In 1811, Manhattan’s famous form—its grid of streets and avenues—crystallized. The three men appointed to devise a blueprint for the city’s development issued the Commissioners’ Plan, an eight-and-a-half-foot map, surveyed and drafted by John Randel Jr., that organized and foretold the future city. Yet the landscape beneath the dark overlay of right angles is washed out, dull; the map reveals almost nothing of the erratic character of the rural hilly island.
A few years later, between 1818 and 1820, Randel, with the aid of his wife Matilda, created a map that is the inverse of the 1811 plan. In it, the rocky, undulating island with its swamps, orchards, and meandering creeks is vibrantly colored, textured, animated, while the grid-to-come is lightly sketched, an idea hovering above a varied and fascinating landscape.

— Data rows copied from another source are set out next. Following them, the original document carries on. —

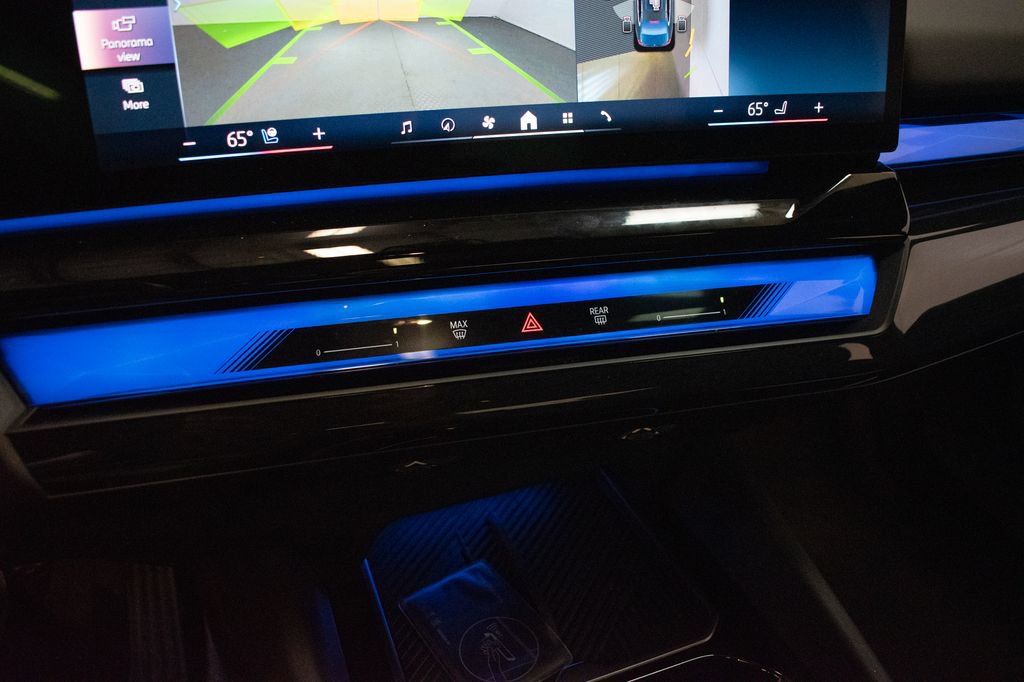 Used 2026 BMW 540i xDrive AWD/4WD image 18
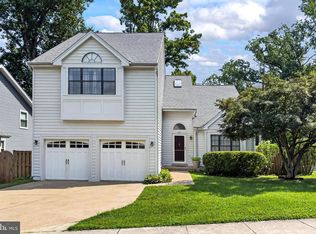 6127 Glen Oaks Ct, Springfield, VA 22152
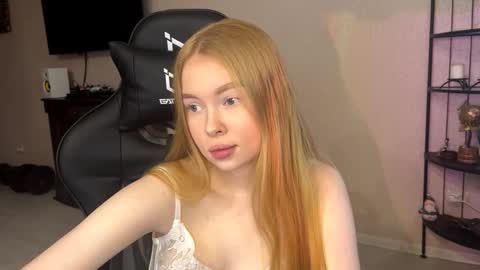 Amelia online show from December 3, 2025, 5:48 am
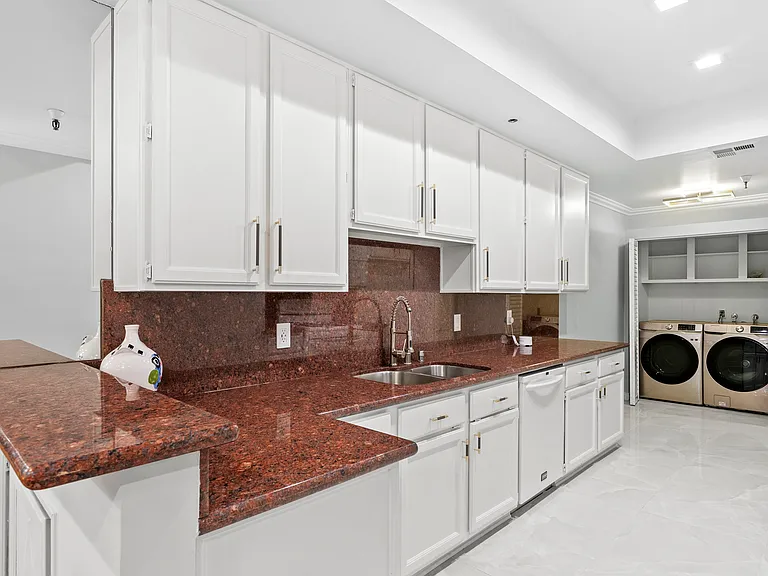 14630 Dickens St #108 — Photo 6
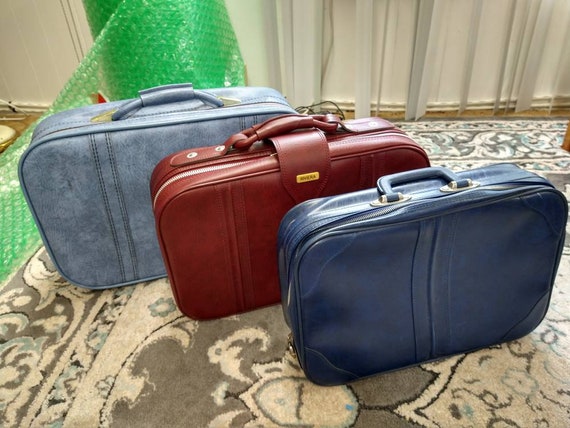 Set of 2 Vintage Samsonite Soft side Luggage Suitcases Blue Red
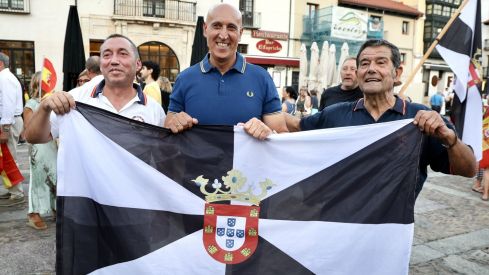 Concentración en apoyo a Ceuta en la plaza de San Marcelo de León | Carlos S. Campillo / ICAL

This later map, called the Randel farm map, is one of New York City’s most beautiful and important—and one of the world’s most unusual. It is 50 feet long, 11 feet wide, and is comprised of 92 individual maps at a scale of 100 feet to one inch. No other city is known to have such a map at such a scale. It is “the most complete and valuable topographical record of the period that exists. It is, in fact, the only exact topographical map of the island,” wrote historian I. N. Phelps Stokes.

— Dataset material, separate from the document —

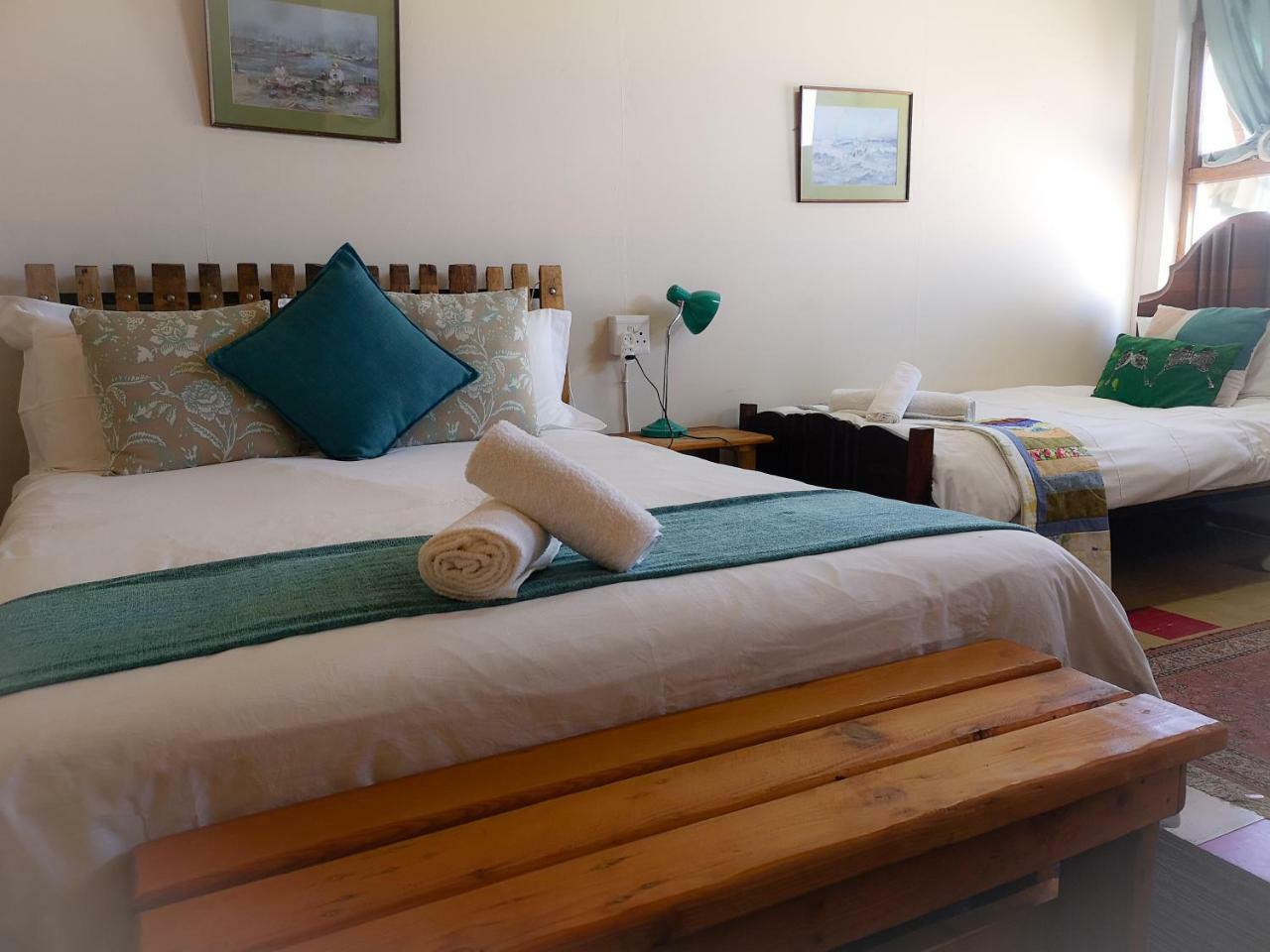Suzie'S Coffee Shop Accommodation Bellville Exterior foto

Today, this cartographical masterpiece is unfamiliar to most New Yorkers. The maps are housed in the Manhattan Borough President’s office, where an occasional historian or surveyor consults them. And two dozen or so were featured in the Museum of the City of New York’s Greatest Grid exhibit. But the maps—recently digitized for online exploration—have never been assembled in their entirety and displayed to the public.
Until last Saturday, for six hours.
As part of Open House New York, the maps were placed in mylar covers, set on black-clothed tables and arrayed contiguously across a brightly sun-lit mezzanine at 1 Center Street, courtesy of Manhattan Borough President Gale Brewer and her staff. From 10 a.m. to 4 p.m., hundreds of New Yorkers studied the gorgeous maps, wandering up the West Side and down the East, reveling in the rocks, the swamps, the fences, fishermen’s houses, forts, quarries, inlets, bays, ponds, and the many hills. Manhattan residents traveled back in time to see the 19th century life of their block; some discovered that they live atop a former marsh, others that they live in what were the waters of the Hudson River. Many noted how much is gone, but also how much remains.
“I love seeing what has morphed into today,” said visitor Katherine Bradford. “I love that there are still these bits of the old island. It is like mitochondrial DNA. It just keeps going, despite the mixing and the generations. Who knew it was still there.”
For those who missed this map experience, the good news is, you’ll get another chance. The bad news is that the next public viewing of these city gems might be until next fall’s open house event.